In "Show," at Walker Contemporary, hands crack whips, a pair of sequined heels decorated with fur stand empty on some floor, peacock pasties decorate a lady's tah-tahs. Horenstein moves in close for a shot of a burlesque performer biting her glittery lips. He frames a woman's behind clothed only in a garter belt and fishnet stockings. A drag queen's great frizzy wig and perfect theatrical make-up contrast with his/her chubby chest. The shots are all large, pretty, glittery, sexy dreams. These aren't about digging behind the scenes. These are photos of the fantasy.

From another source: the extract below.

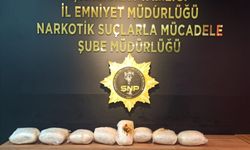 Şanlıurfa'da 15 kilo 600 gram skunk ele geçirildi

Fantasy is also the subject of "Virtuoso Illusion: Cross-Dressing and the New Media Avant-Garde," at MIT's List Visual Arts Center. "What is emerging among today's artists is cross-dressing as part of a larger experiment in language and perception" to create "a perceptual jolt to traditional ways of viewing," writes curator Michael Rush, director of Brandeis's Rose Art Museum until last June.

The 17-artist show offers photos of men and women posing as the opposite sex and four and a half hours of videos. Much of it is the usual guys dressed up as gals, from Andy Warhol in lipstick and wig in 1981 to Kalup Linzy's over-the-top 2005 soap opera to John Kelly's deliciously loopy 1993 film "Vander Clyde Becomes Barbette," in which a guy answers an ad to fill an open spot in a nightclub act. But it's a sister act. "Would you be willing to wear a wig?" the ladies ask.

Rush's thesis begins with a 1925 optical-illusion film attributed to Marcel Duchamp's alter ego, Rrose Sélavy. The idea is that taking on this new character provided one more way for Duchamp — and his descendants — to open a trapdoor under what had seemed the sure footing of what art and artists are and what it all means.

This work coincides with a growth of theatricality in art since at least the '70s, from Cindy Sherman to Gregory Crewdson. Rush highlights the gender-bending end of the trend, such as Matthew Barney's epic filmic ode to testicles, The Cremaster Cycle — represented here by a single photo of Barney as a natty satyr drenched in Vaseline. But it all may reflect a general Hollywoodization of art and a return to narrative, with ever bigger budgets and special effects.